[Image-caption web data]

-- -- --

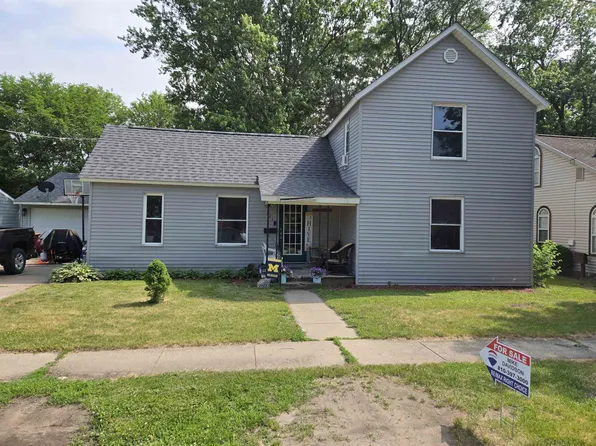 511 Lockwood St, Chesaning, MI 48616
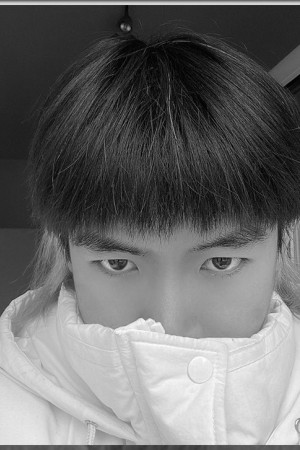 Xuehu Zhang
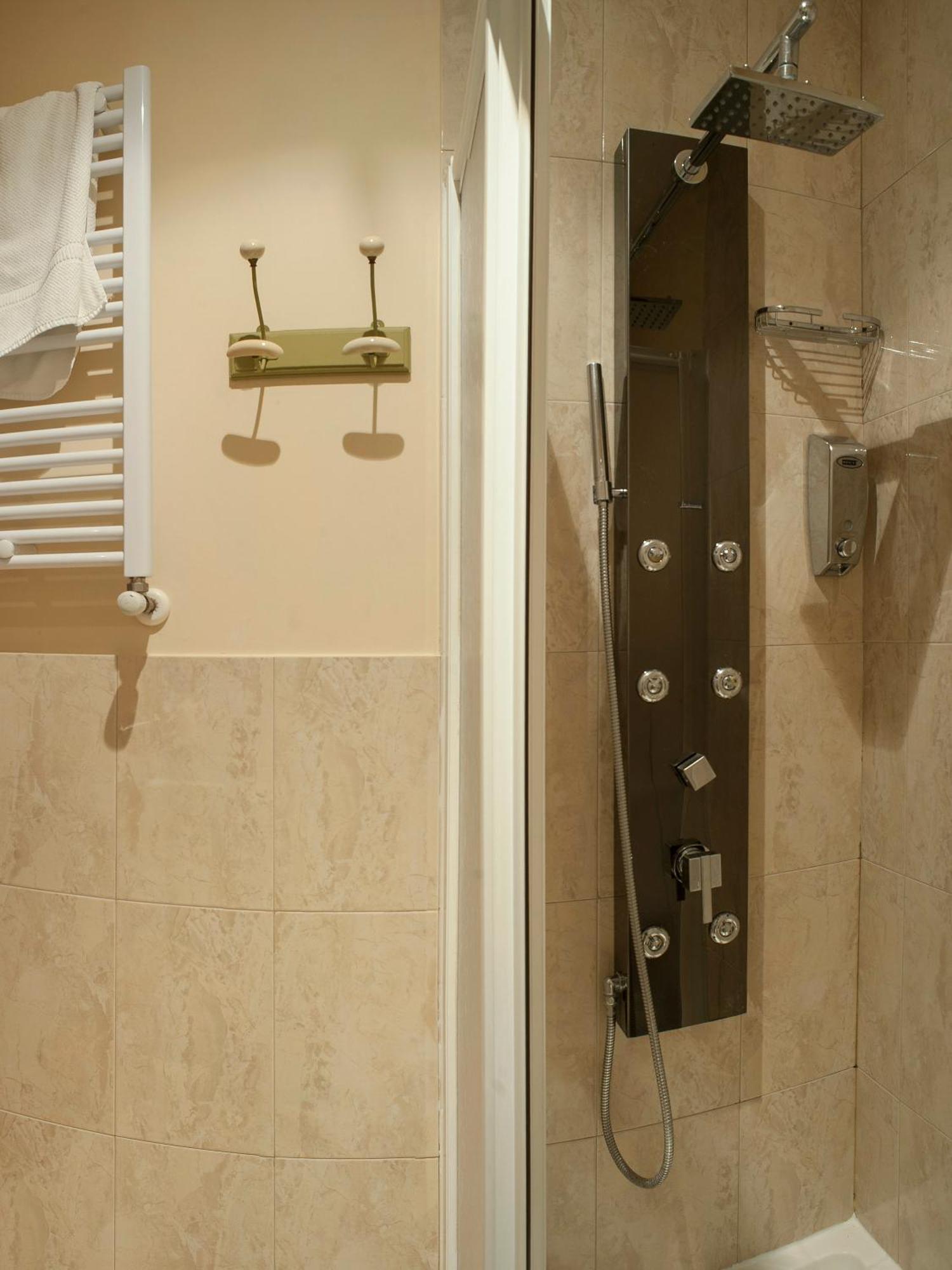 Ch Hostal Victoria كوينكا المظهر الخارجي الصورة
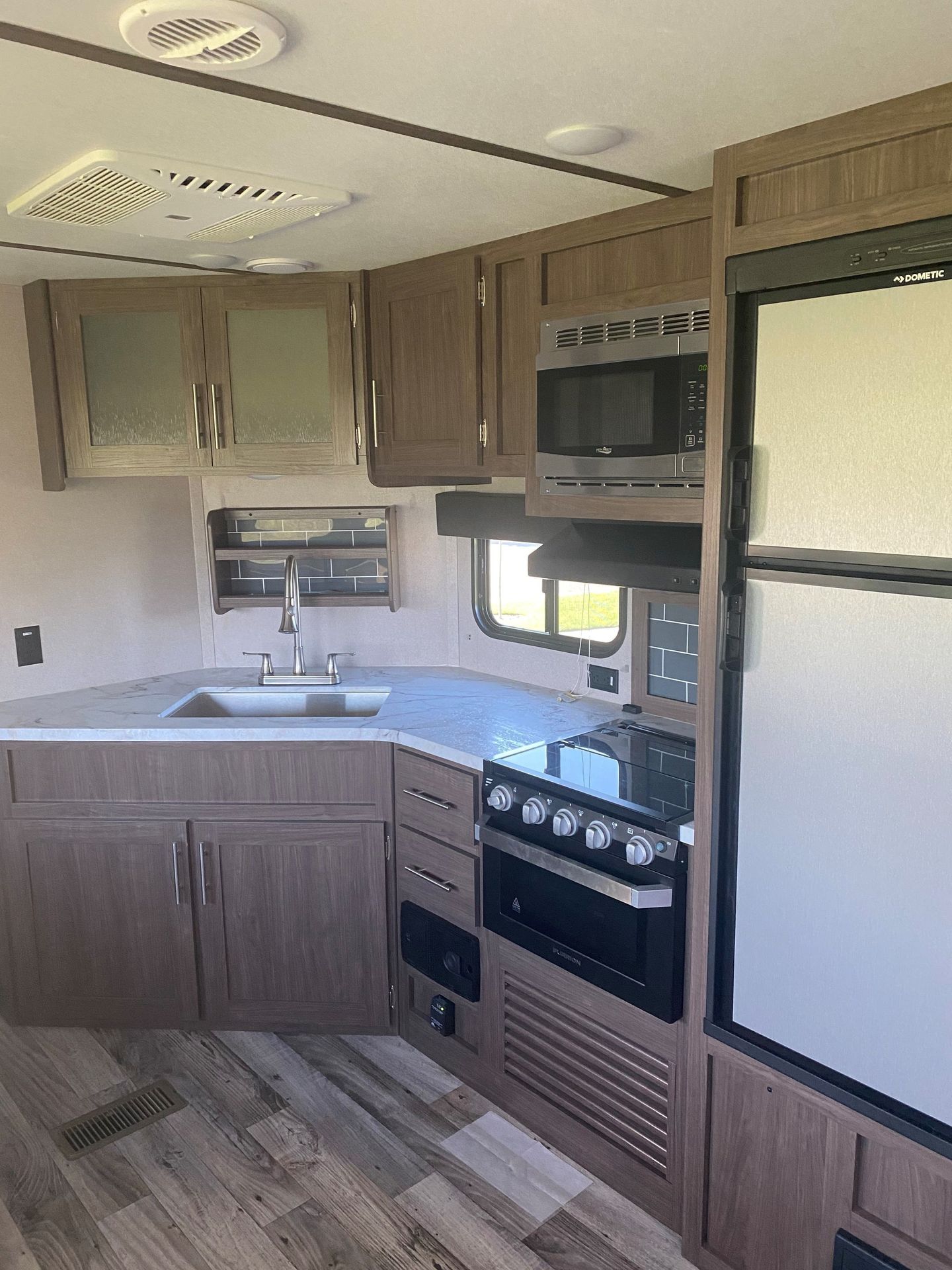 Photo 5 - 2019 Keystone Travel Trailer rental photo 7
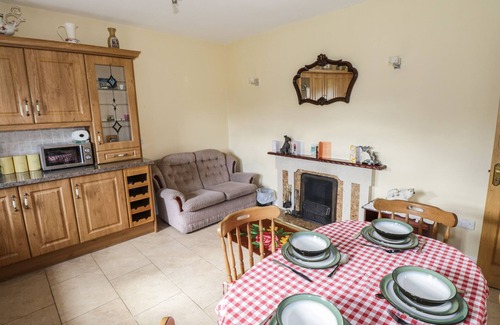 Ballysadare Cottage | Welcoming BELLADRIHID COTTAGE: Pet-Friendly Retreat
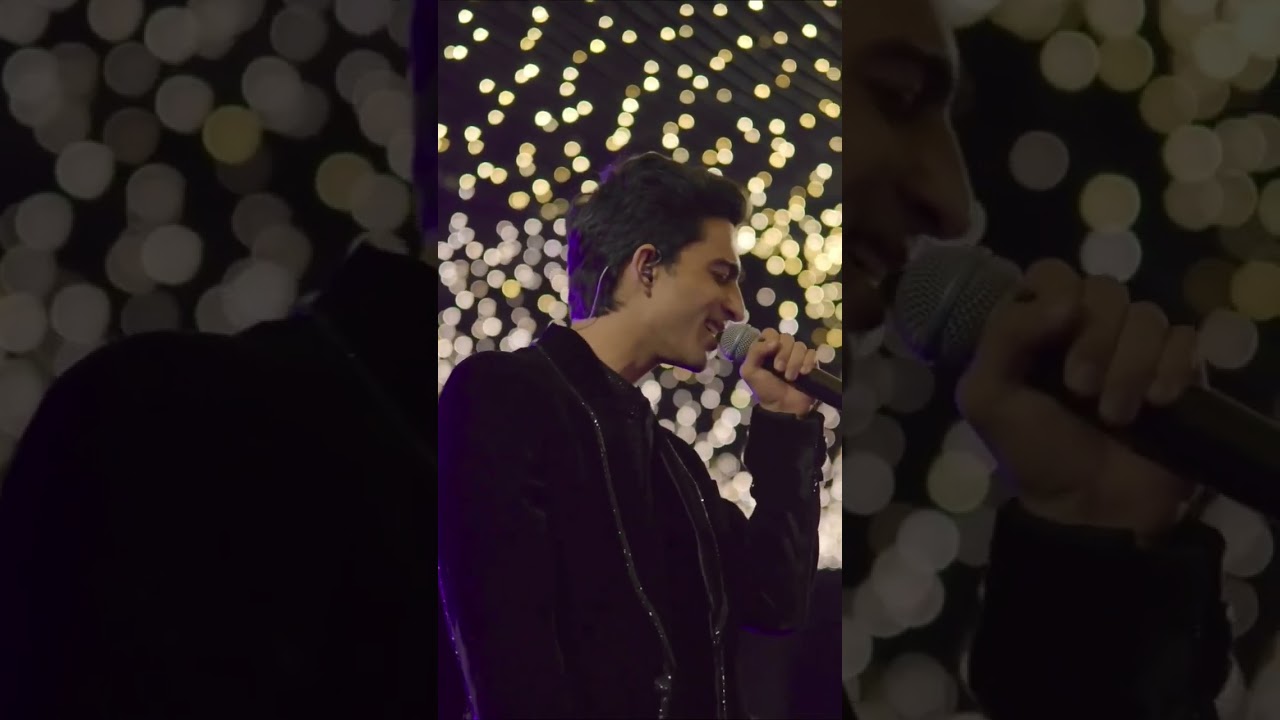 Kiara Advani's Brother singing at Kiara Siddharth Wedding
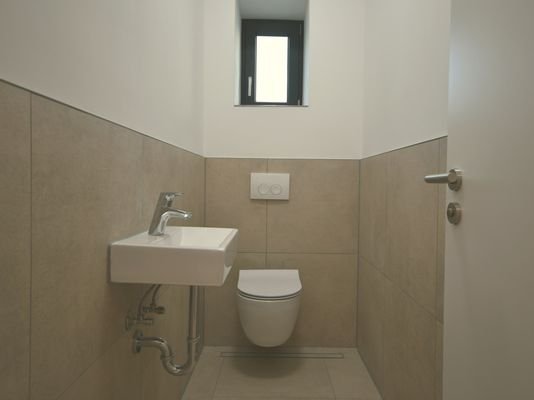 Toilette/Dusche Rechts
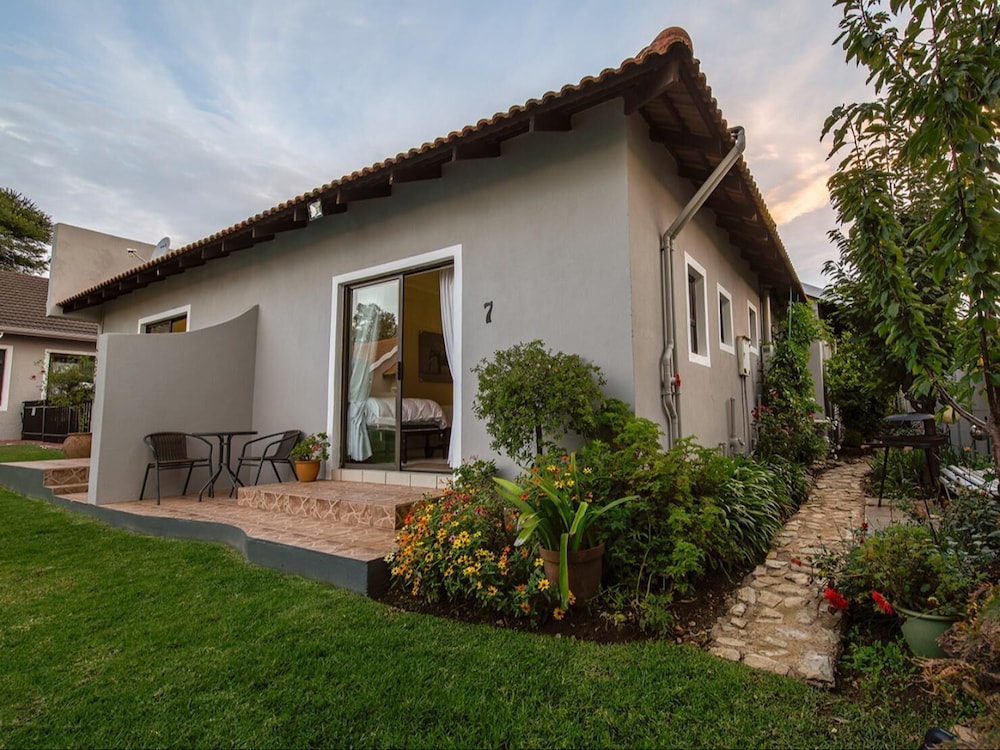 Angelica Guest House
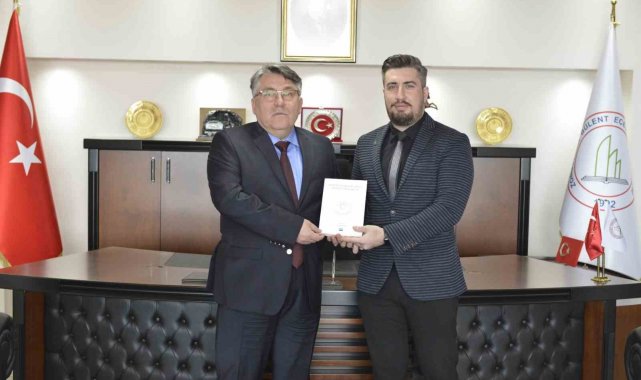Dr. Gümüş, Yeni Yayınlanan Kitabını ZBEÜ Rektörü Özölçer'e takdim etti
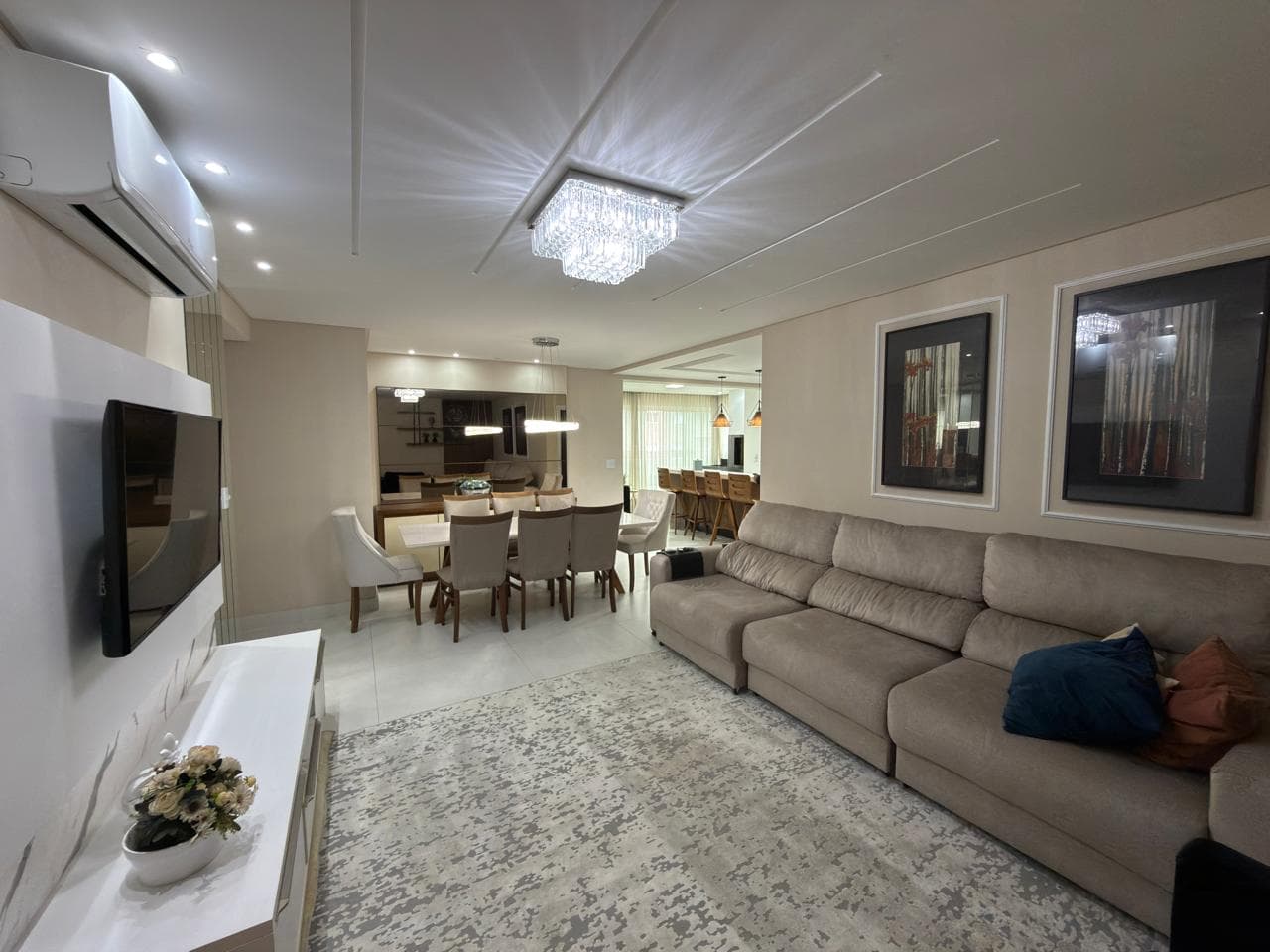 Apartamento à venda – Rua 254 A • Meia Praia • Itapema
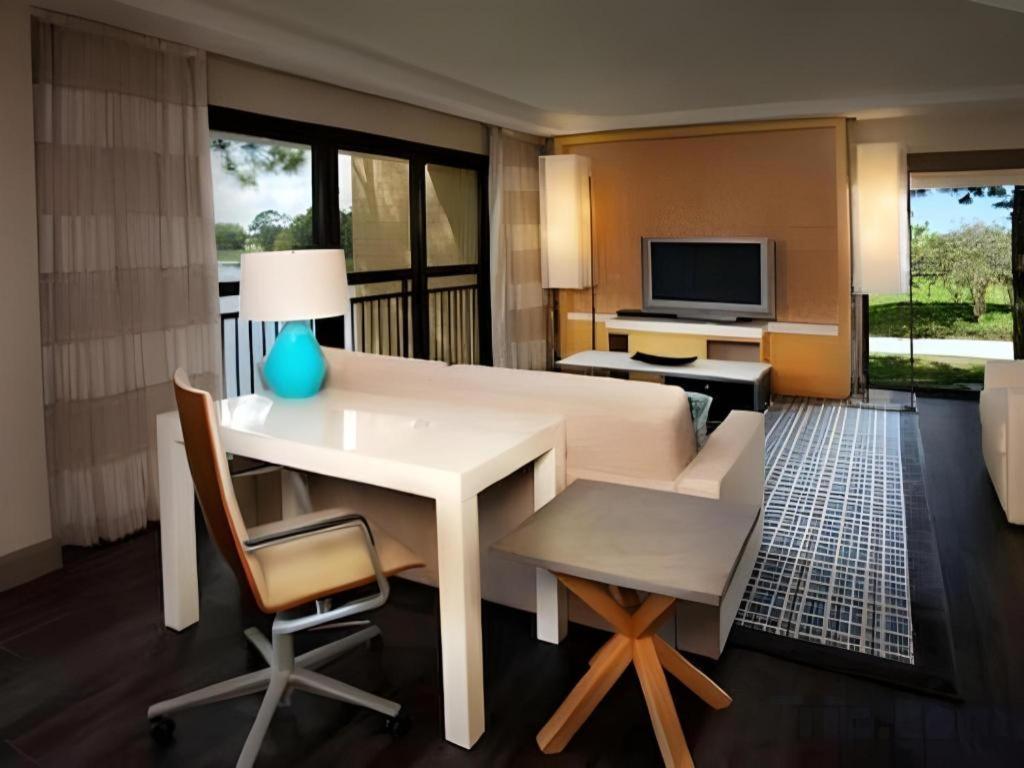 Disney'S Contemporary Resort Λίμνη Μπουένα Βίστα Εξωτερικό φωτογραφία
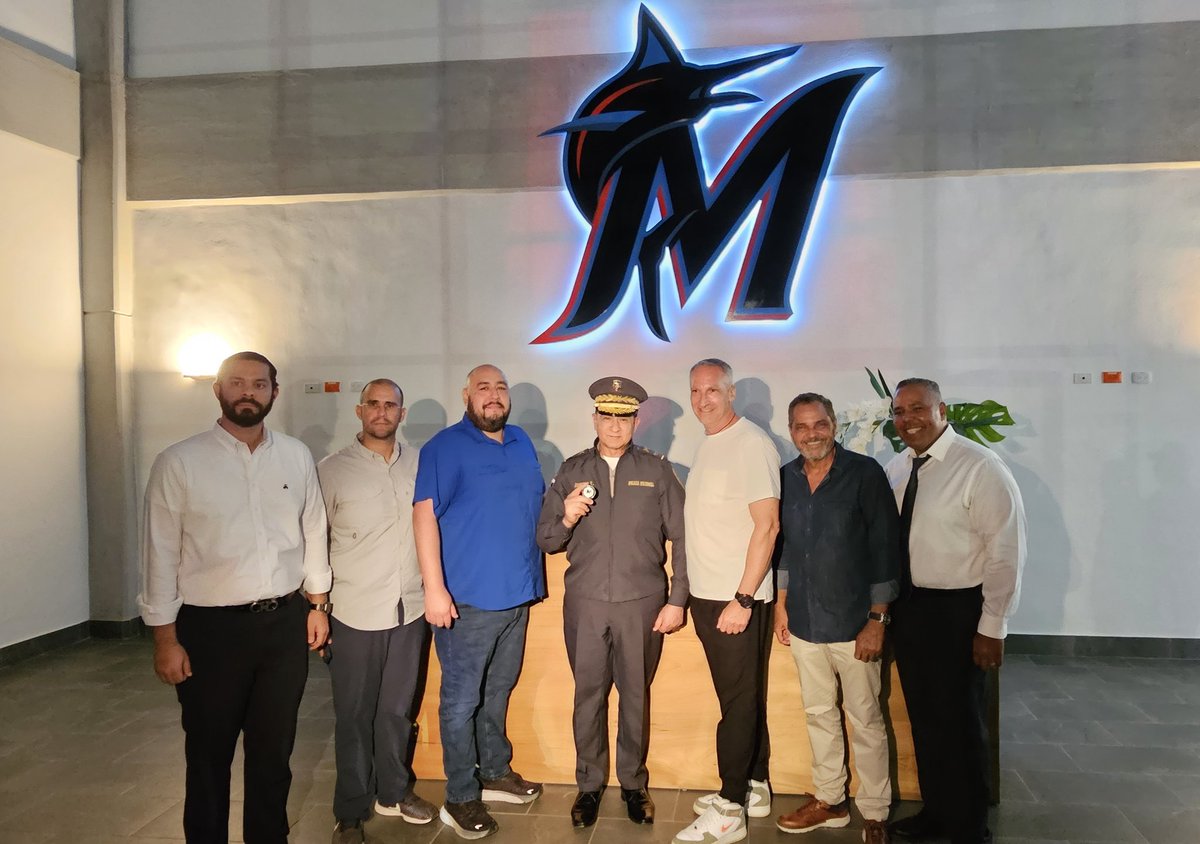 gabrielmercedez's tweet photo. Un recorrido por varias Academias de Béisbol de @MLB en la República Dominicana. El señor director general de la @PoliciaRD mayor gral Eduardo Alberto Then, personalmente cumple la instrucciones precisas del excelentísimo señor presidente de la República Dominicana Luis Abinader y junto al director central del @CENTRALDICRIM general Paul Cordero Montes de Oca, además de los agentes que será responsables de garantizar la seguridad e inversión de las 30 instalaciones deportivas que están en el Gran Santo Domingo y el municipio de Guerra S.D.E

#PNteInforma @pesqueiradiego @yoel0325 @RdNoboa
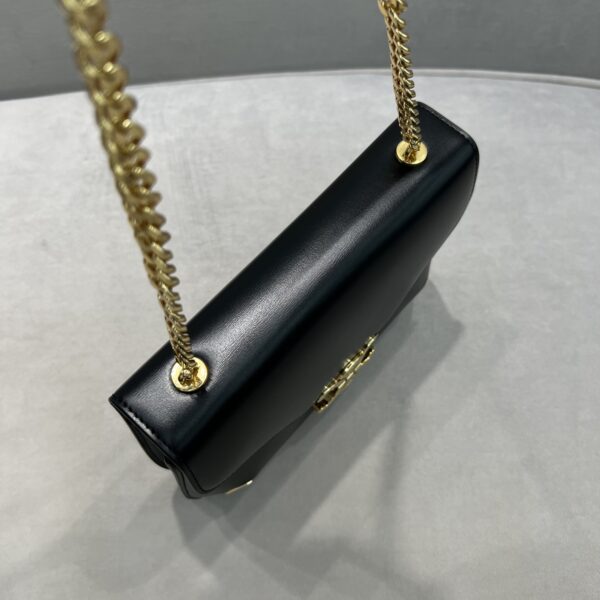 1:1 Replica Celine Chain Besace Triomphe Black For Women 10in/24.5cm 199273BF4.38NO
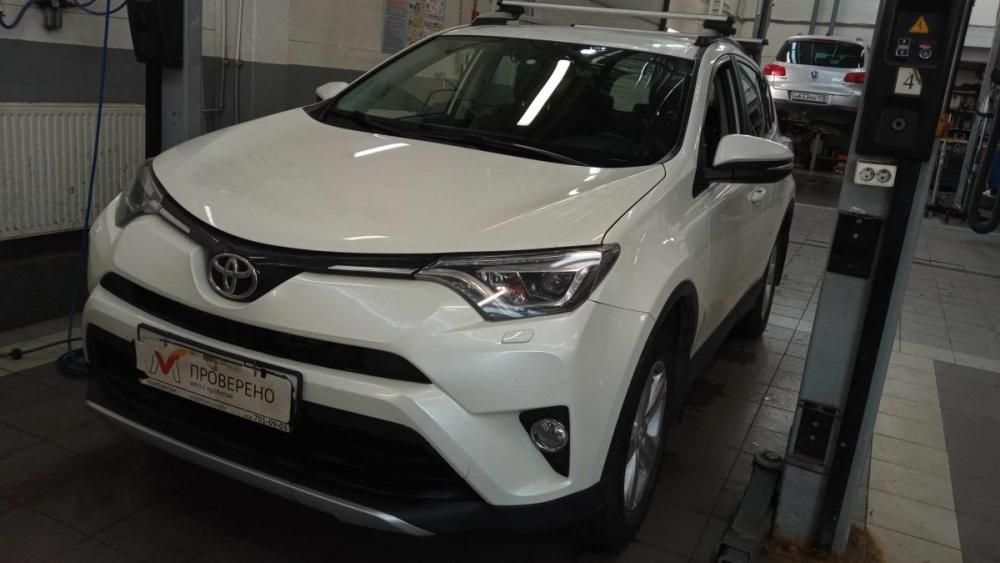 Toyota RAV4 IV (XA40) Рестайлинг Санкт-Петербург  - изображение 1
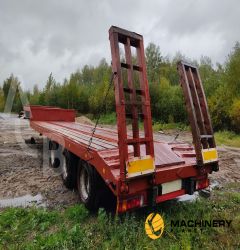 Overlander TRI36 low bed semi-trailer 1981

-- -- --

» Work to be completed
Beginning with the line that holds "Disney'S Contemporary Resort", return each line through the end of the records above exactly. Do not include pictures.

» Response for this exercise
 Disney'S Contemporary Resort Λίμνη Μπουένα Βίστα Εξωτερικό φωτογραφία
 gabrielmercedez's tweet photo. Un recorrido por varias Academias de Béisbol de @MLB en la República Dominicana. El señor director general de la @PoliciaRD mayor gral Eduardo Alberto Then, personalmente cumple la instrucciones precisas del excelentísimo señor presidente de la República Dominicana Luis Abinader y junto al director central del @CENTRALDICRIM general Paul Cordero Montes de Oca, además de los agentes que será responsables de garantizar la seguridad e inversión de las 30 instalaciones deportivas que están en el Gran Santo Domingo y el municipio de Guerra S.D.E

#PNteInforma @pesqueiradiego @yoel0325 @RdNoboa
 1:1 Replica Celine Chain Besace Triomphe Black For Women 10in/24.5cm 199273BF4.38NO
 Toyota RAV4 IV (XA40) Рестайлинг Санкт-Петербург  - изображение 1
 Overlander TRI36 low bed semi-trailer 1981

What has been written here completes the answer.